### EXCERPTED DATA ###

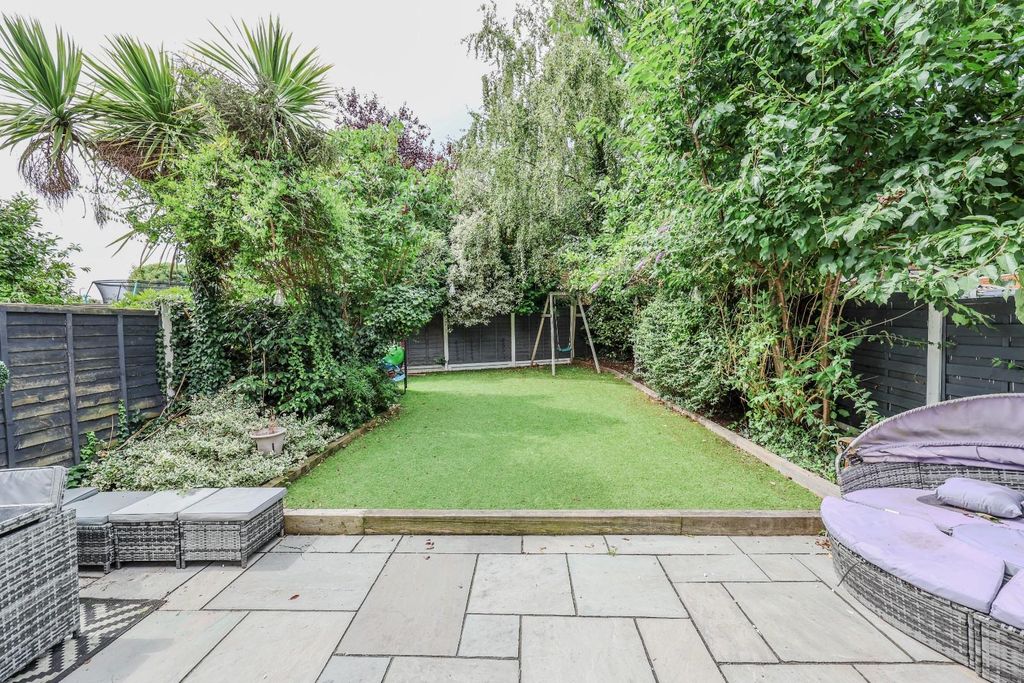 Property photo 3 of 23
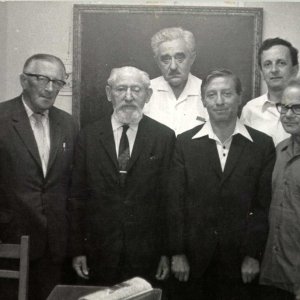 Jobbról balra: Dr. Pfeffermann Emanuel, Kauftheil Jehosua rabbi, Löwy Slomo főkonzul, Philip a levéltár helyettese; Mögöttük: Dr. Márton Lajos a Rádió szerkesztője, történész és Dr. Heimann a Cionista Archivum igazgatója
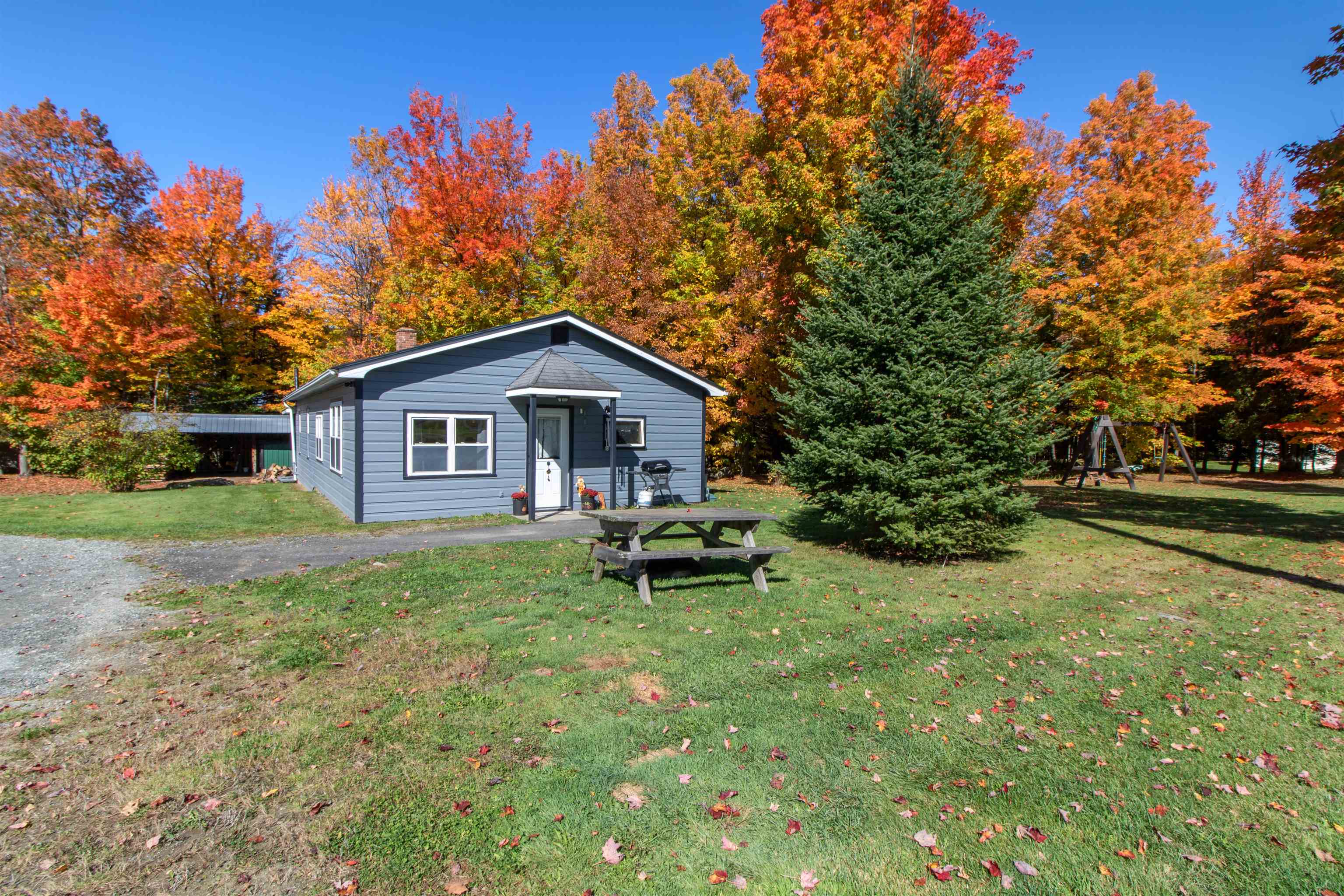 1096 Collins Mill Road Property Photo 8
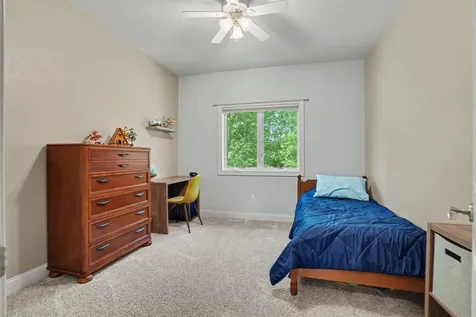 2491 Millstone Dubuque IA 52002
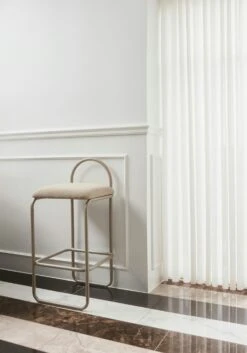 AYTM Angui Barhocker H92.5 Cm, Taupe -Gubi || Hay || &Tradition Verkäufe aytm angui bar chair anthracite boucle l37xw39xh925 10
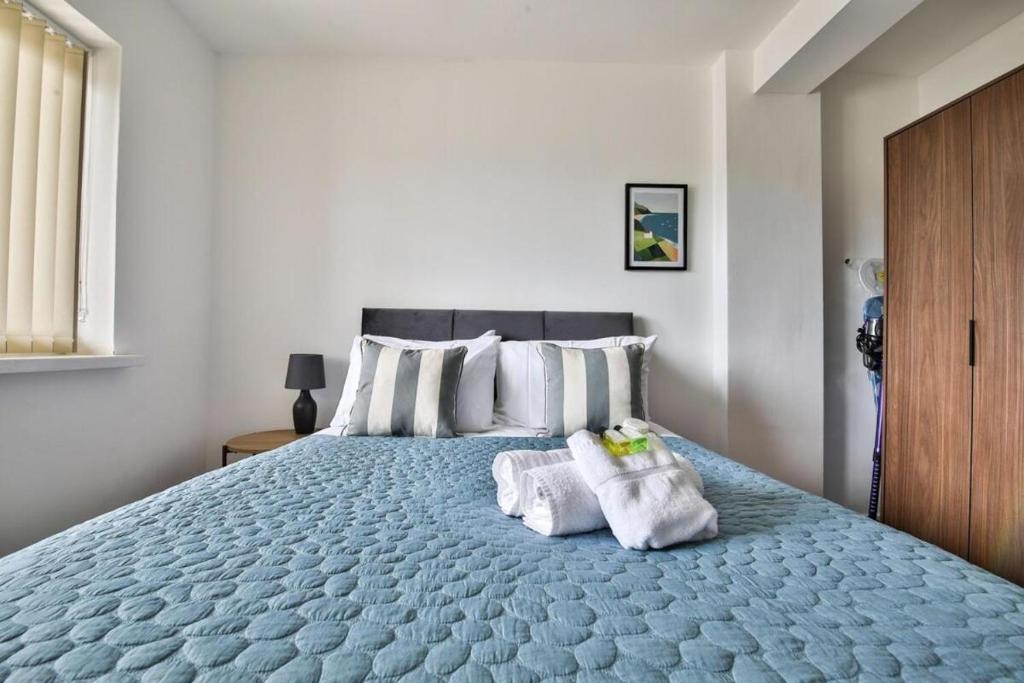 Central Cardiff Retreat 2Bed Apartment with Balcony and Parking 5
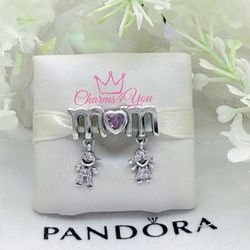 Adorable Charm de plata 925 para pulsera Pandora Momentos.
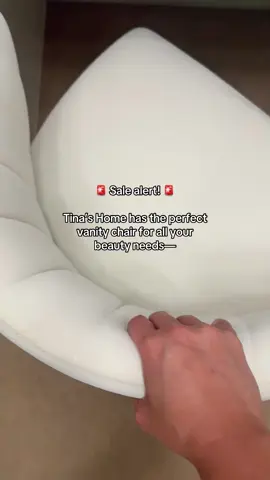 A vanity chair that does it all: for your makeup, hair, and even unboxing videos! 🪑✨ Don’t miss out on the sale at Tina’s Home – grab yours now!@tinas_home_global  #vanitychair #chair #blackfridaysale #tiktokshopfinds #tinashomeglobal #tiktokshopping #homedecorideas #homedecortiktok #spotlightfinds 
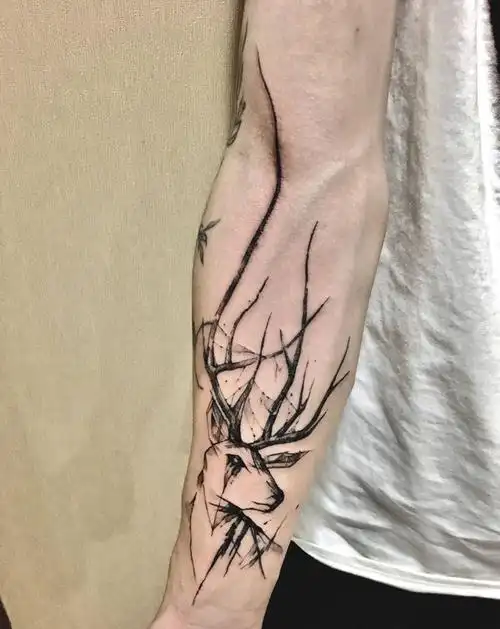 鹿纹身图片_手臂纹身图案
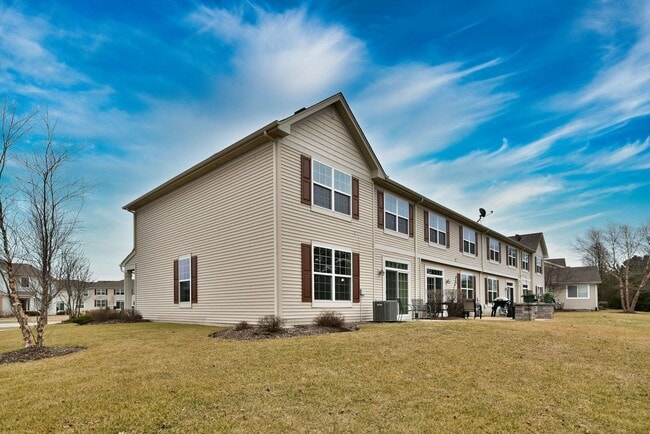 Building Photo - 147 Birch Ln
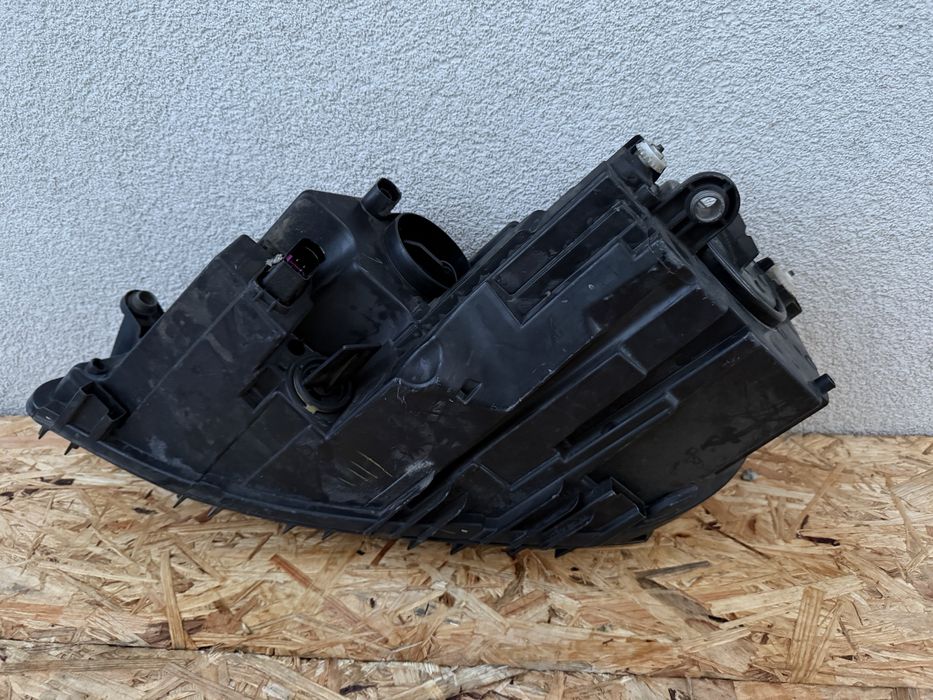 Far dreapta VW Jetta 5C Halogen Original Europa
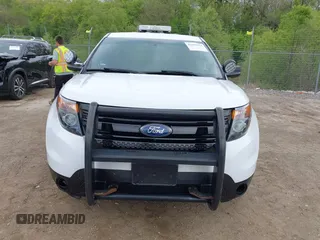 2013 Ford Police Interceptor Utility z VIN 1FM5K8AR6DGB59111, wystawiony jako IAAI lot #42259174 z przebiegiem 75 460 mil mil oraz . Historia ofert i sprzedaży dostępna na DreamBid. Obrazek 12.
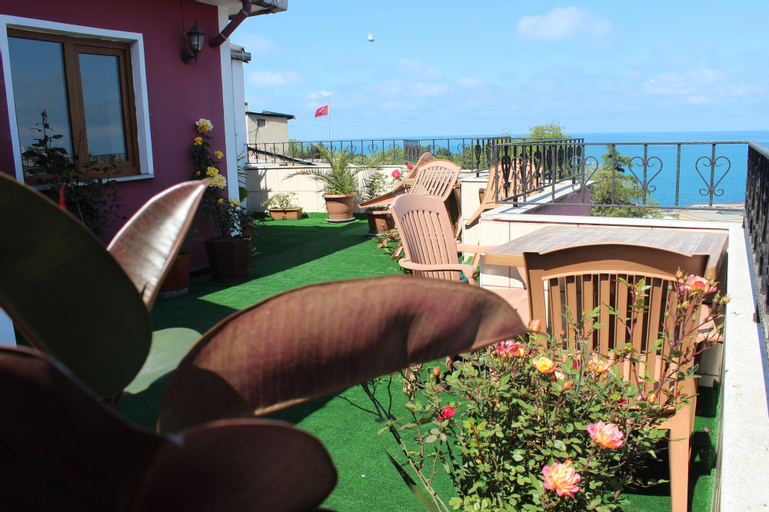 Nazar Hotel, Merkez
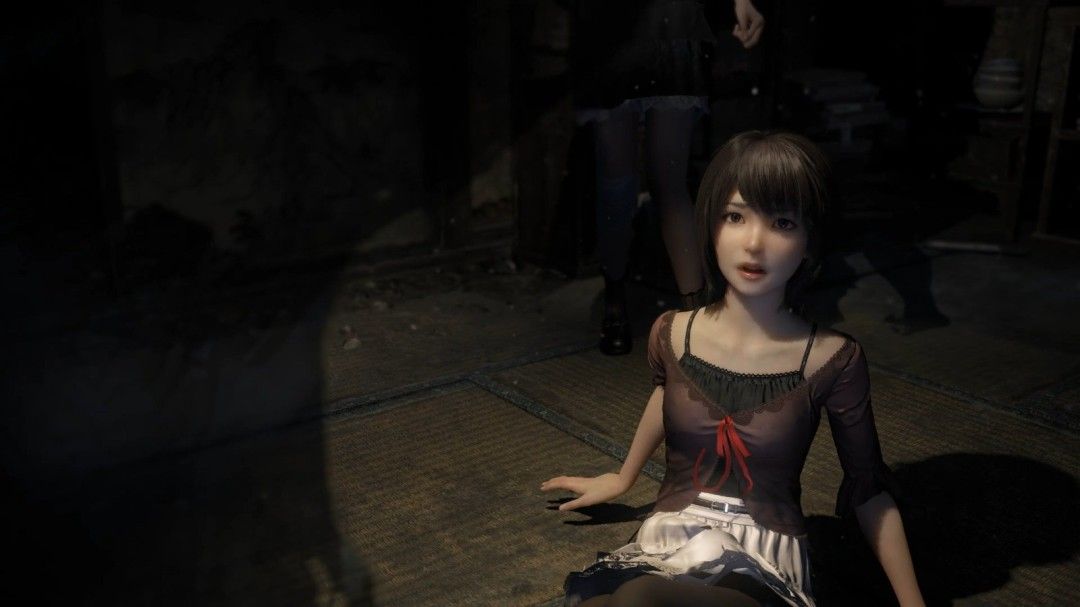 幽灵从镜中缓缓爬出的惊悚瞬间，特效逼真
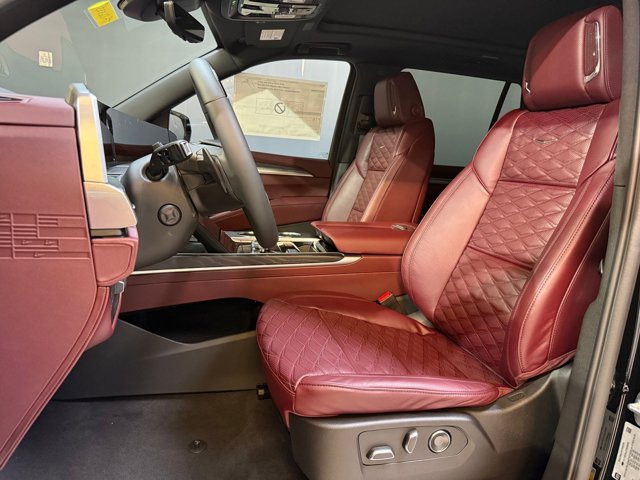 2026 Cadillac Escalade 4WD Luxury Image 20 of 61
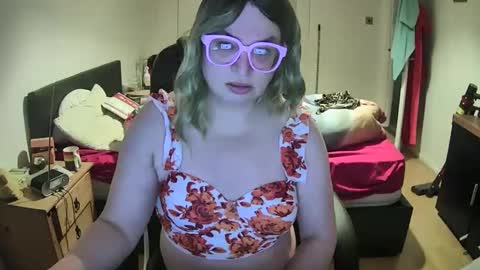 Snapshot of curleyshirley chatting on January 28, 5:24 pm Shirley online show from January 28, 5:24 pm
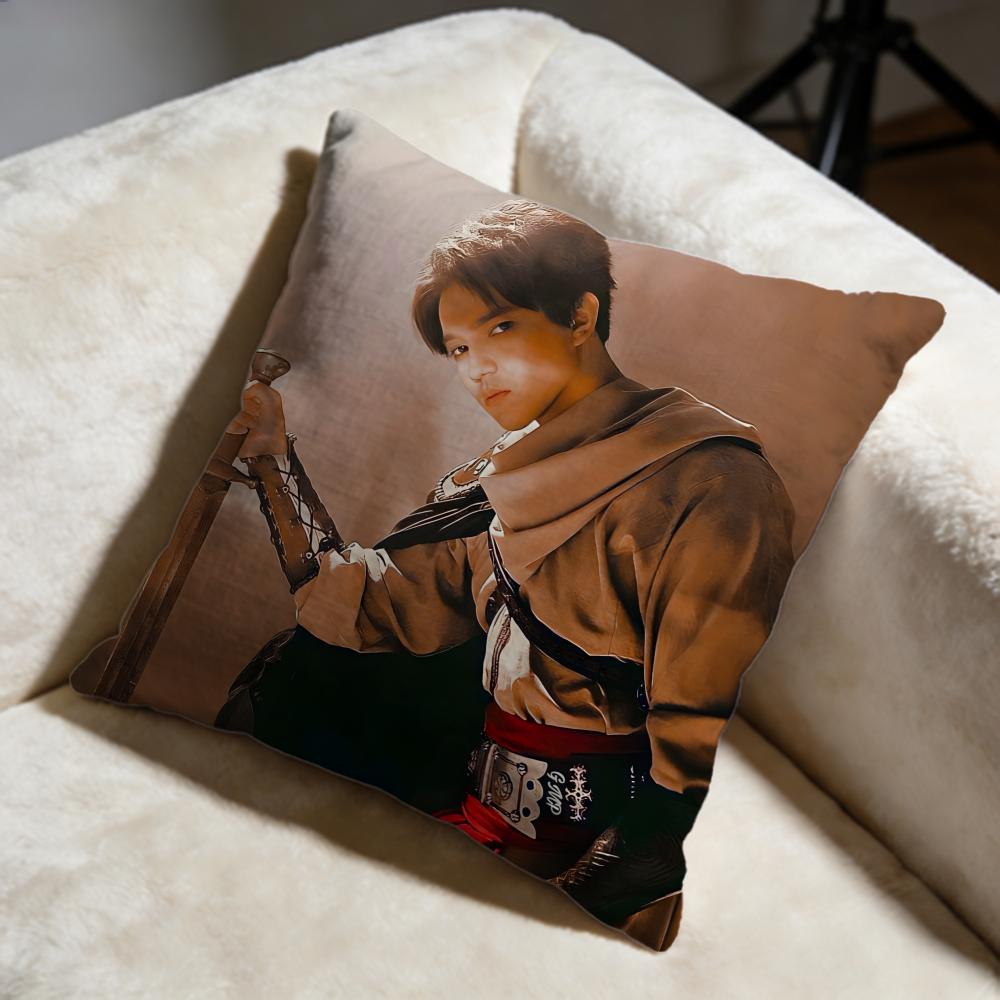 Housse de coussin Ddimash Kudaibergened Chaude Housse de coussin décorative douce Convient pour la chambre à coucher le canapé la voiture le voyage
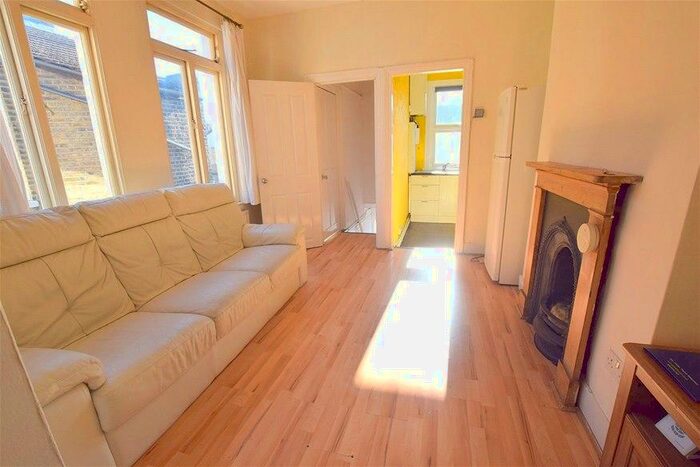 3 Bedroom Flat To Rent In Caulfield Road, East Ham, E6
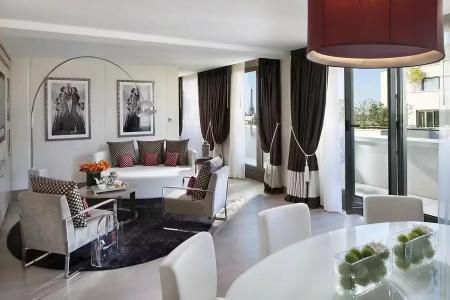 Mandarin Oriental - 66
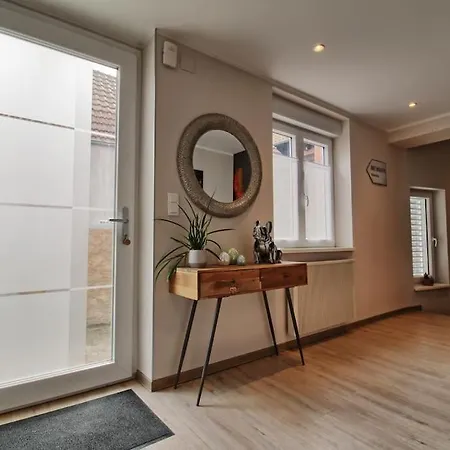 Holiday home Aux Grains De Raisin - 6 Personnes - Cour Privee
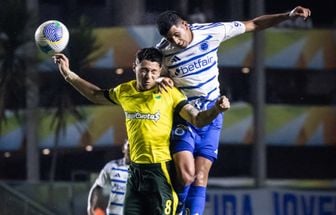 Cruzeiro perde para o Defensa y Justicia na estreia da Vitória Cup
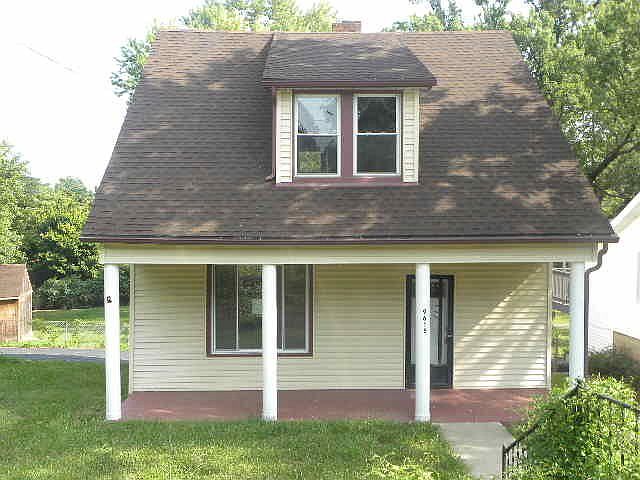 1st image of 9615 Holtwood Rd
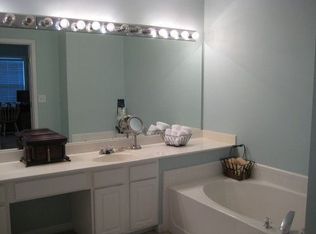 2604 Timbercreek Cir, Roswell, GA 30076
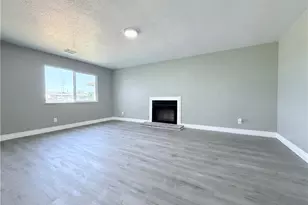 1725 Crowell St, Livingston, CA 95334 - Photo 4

###

## WHAT IS NEEDED
Omit the pictures and reproduce the remaining material above exactly.

## RESULT OF THIS TASK
 Property photo 3 of 23
 Jobbról balra: Dr. Pfeffermann Emanuel, Kauftheil Jehosua rabbi, Löwy Slomo főkonzul, Philip a levéltár helyettese; Mögöttük: Dr. Márton Lajos a Rádió szerkesztője, történész és Dr. Heimann a Cionista Archivum igazgatója
 1096 Collins Mill Road Property Photo 8
 2491 Millstone Dubuque IA 52002
 AYTM Angui Barhocker H92.5 Cm, Taupe -Gubi || Hay || &Tradition Verkäufe aytm angui bar chair anthracite boucle l37xw39xh925 10
 Central Cardiff Retreat 2Bed Apartment with Balcony and Parking 5
 Adorable Charm de plata 925 para pulsera Pandora Momentos.
 A vanity chair that does it all: for your makeup, hair, and even unboxing videos! 🪑✨ Don’t miss out on the sale at Tina’s Home – grab yours now!@tinas_home_global  #vanitychair #chair #blackfridaysale #tiktokshopfinds #tinashomeglobal #tiktokshopping #homedecorideas #homedecortiktok #spotlightfinds 
 鹿纹身图片_手臂纹身图案
 Building Photo - 147 Birch Ln
 Far dreapta VW Jetta 5C Halogen Original Europa
 2013 Ford Police Interceptor Utility z VIN 1FM5K8AR6DGB59111, wystawiony jako IAAI lot #42259174 z przebiegiem 75 460 mil mil oraz . Historia ofert i sprzedaży dostępna na DreamBid. Obrazek 12.
 Nazar Hotel, Merkez
 幽灵从镜中缓缓爬出的惊悚瞬间，特效逼真
 2026 Cadillac Escalade 4WD Luxury Image 20 of 61
 Snapshot of curleyshirley chatting on January 28, 5:24 pm Shirley online show from January 28, 5:24 pm
 Housse de coussin Ddimash Kudaibergened Chaude Housse de coussin décorative douce Convient pour la chambre à coucher le canapé la voiture le voyage
 3 Bedroom Flat To Rent In Caulfield Road, East Ham, E6
 Mandarin Oriental - 66
 Holiday home Aux Grains De Raisin - 6 Personnes - Cour Privee
 Cruzeiro perde para o Defensa y Justicia na estreia da Vitória Cup
 1st image of 9615 Holtwood Rd
 2604 Timbercreek Cir, Roswell, GA 30076
 1725 Crowell St, Livingston, CA 95334 - Photo 4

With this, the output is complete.